PROVIDED RECORDS START

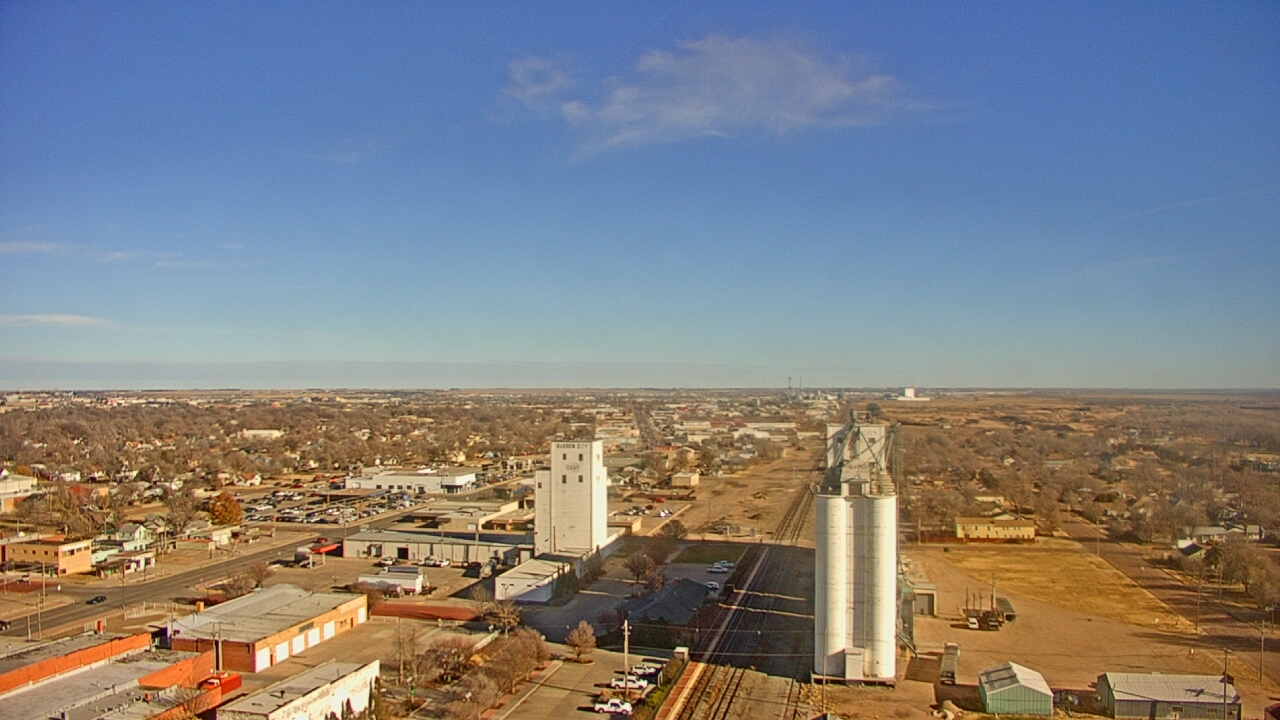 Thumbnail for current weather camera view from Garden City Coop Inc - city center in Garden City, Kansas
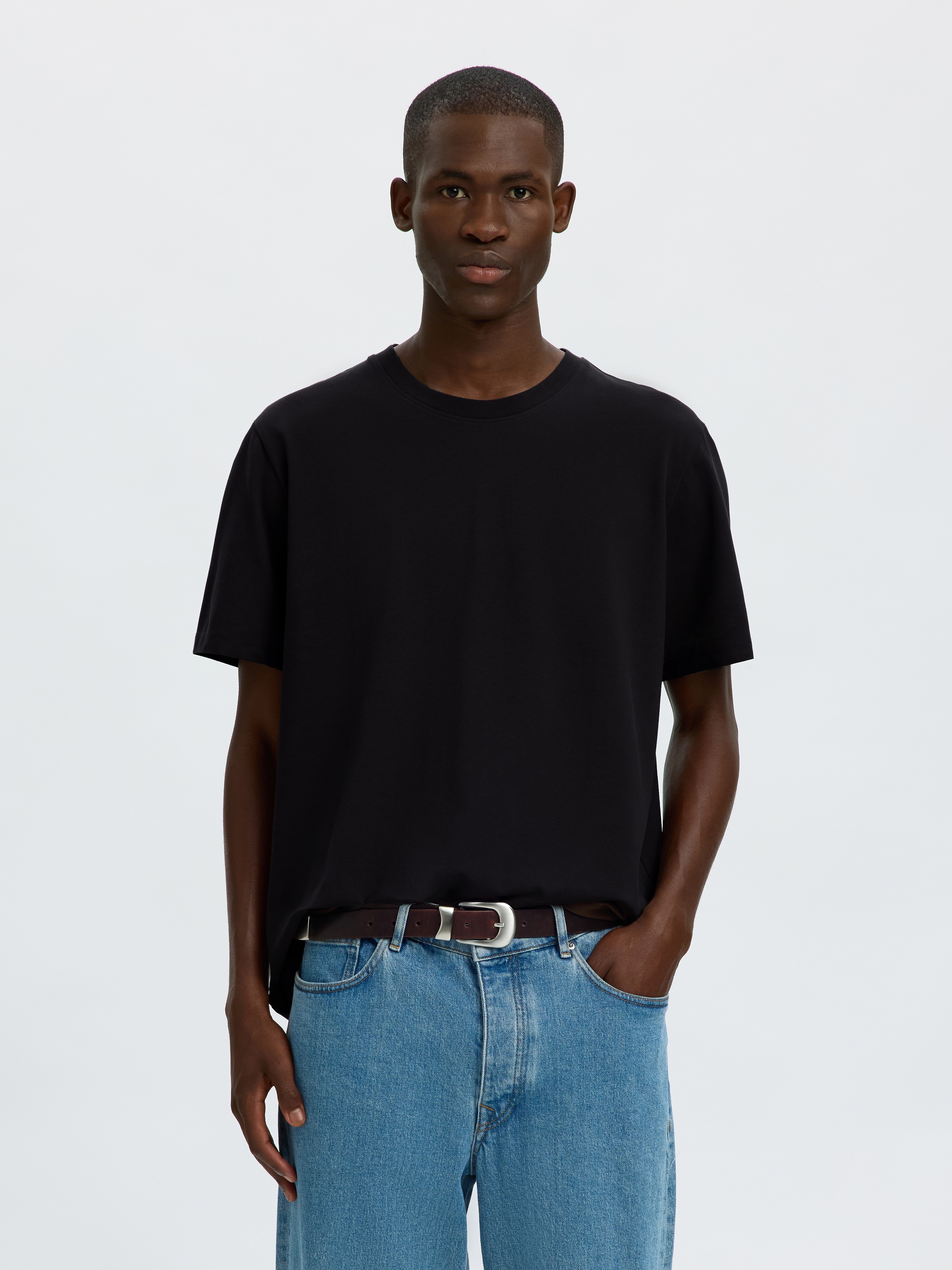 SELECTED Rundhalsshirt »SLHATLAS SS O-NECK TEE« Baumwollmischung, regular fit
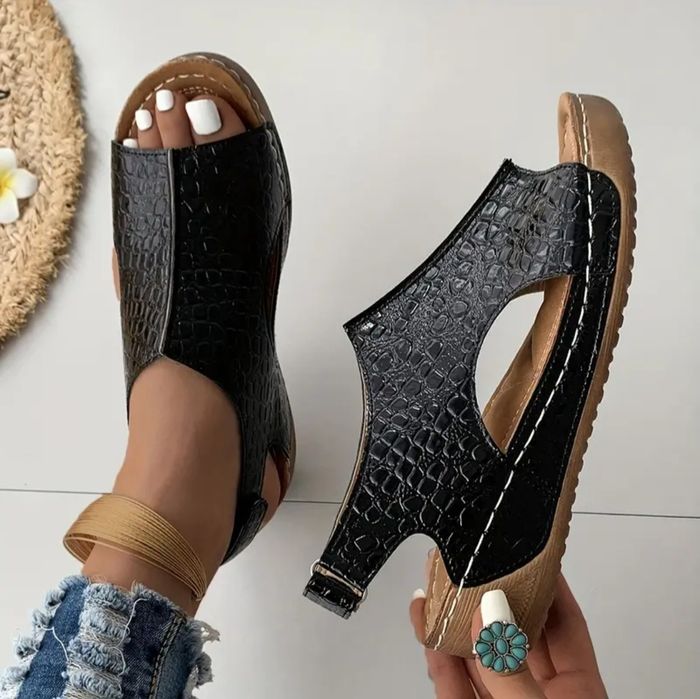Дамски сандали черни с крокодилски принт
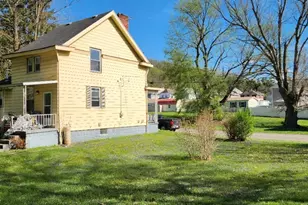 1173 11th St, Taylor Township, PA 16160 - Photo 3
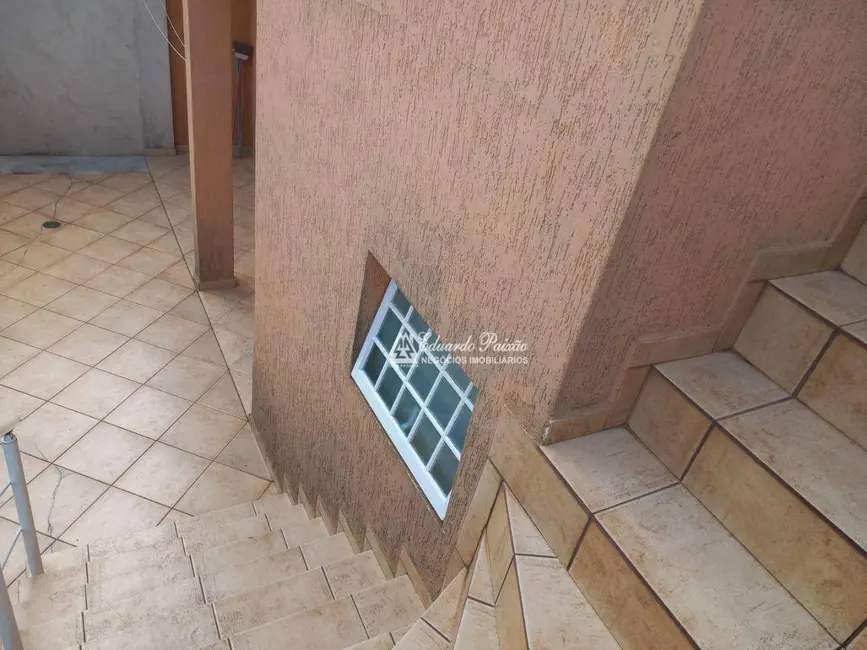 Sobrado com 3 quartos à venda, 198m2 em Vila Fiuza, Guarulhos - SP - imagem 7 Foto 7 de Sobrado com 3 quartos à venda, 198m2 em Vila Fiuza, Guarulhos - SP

PROVIDED RECORDS END

— TASK TO COMPLETE —
Please return the listing above exactly and leave every picture out.

— EXERCISE OUTPUT —
 Thumbnail for current weather camera view from Garden City Coop Inc - city center in Garden City, Kansas
 SELECTED Rundhalsshirt »SLHATLAS SS O-NECK TEE« Baumwollmischung, regular fit
Дамски сандали черни с крокодилски принт
 1173 11th St, Taylor Township, PA 16160 - Photo 3
 Sobrado com 3 quartos à venda, 198m2 em Vila Fiuza, Guarulhos - SP - imagem 7 Foto 7 de Sobrado com 3 quartos à venda, 198m2 em Vila Fiuza, Guarulhos - SP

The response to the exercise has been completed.